To test their hypothesis that psychopathy is an adaptation rather than a mental disorder, Pullman and her team combined data from 16 prior studies. The studies involved 1,818 people from various populations. They measured handedness and psychopathy, and calculated whether psychopaths were more likely to be left-handed or ambidextrous than their kinder counterparts.

In short, psychopathy was not reliably related to handedness. Tiny differences did show up, but they gave no reliable answer. 

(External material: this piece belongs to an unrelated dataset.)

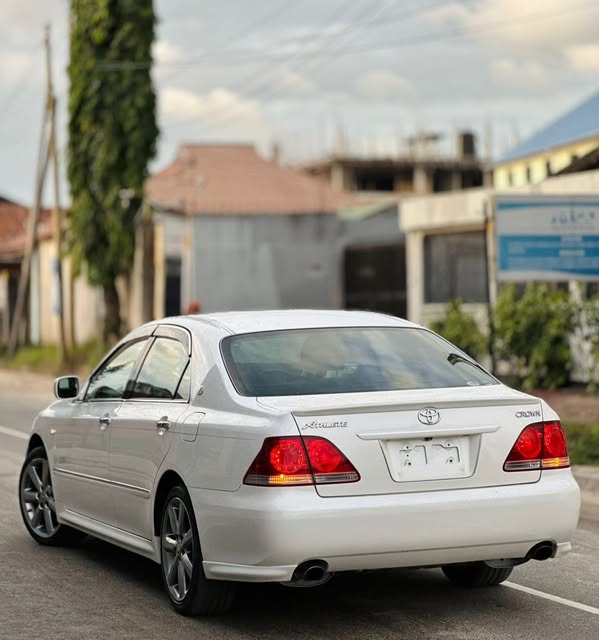 For Sale Toyota Crown 2005 in Dar es Salaam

When looking at typical people from throughout the community, as well as incarcerated inmates, those who scored high on psychopathy were slightly more likely to be non-right-handed. When looking at mental health patients, however, psychopathic offenders were slightly less likely to be left-handed than their non-psychopathic counterparts. All of these differences were so small and unreliable as to be likely due to chance. 

Interpret with care

The meta-analysis of more than 1,800 people failed to link psychopathy with handedness. This supports the hypothesis that psychopathy is an adaptive life strategy passed down through genes thanks to evolution, and not a mental disorder resulting from neurodevelopmental perturbations.  

Taken alone, however, these findings are not especially convincing, for a few reasons. First, the data did show some patterns suggesting that people higher in psychopathy may be more likely to be non-right-handed. But, the sample size may have been too small to detect real differences. 

Moreover, psychopaths had about the same rates of non-right-handedness as incarcerated inmates and mental health patients. But if psychopathy is never a mental disorder, we would expect psychopaths to have lower rates of non-right-handedness than these groups (since these groups probably have more mental health disorders, and thus higher rates of non-right-handedness, than the general population). 

Taking the broad view

Another interesting possibility is that psychopathy is helpful, but only when people can keep violent and criminal behavior under control. This is supported by Pullman and team’s finding that people high in the traits of psychopathy (for instance, callousness or lack of remorse) were slightly less likely to be left-handed or ambidextrous, whereas those high in behavioral psychopathy — such as committing violent or criminal acts — were more likely to be non-right-handed. Though these results were not statistically significant, the conclusion seems reasonable.

Though this single study does not convince me that psychopathy is necessarily an adaptive, evolution-based life strategy, it does add to a growing body of research supporting that possibility.

For example, it is consistent with data showing that people high in psychopathy are likely to commit calculated, goal-directed crimes rather than emotional ones; prioritize their own wellbeing as well as the wellbeing of their offspring; and tend to have more children

So, while the jury is still out, know that psychopaths like Dan might not have a mental disorder at all. They might just be self-serving jerks.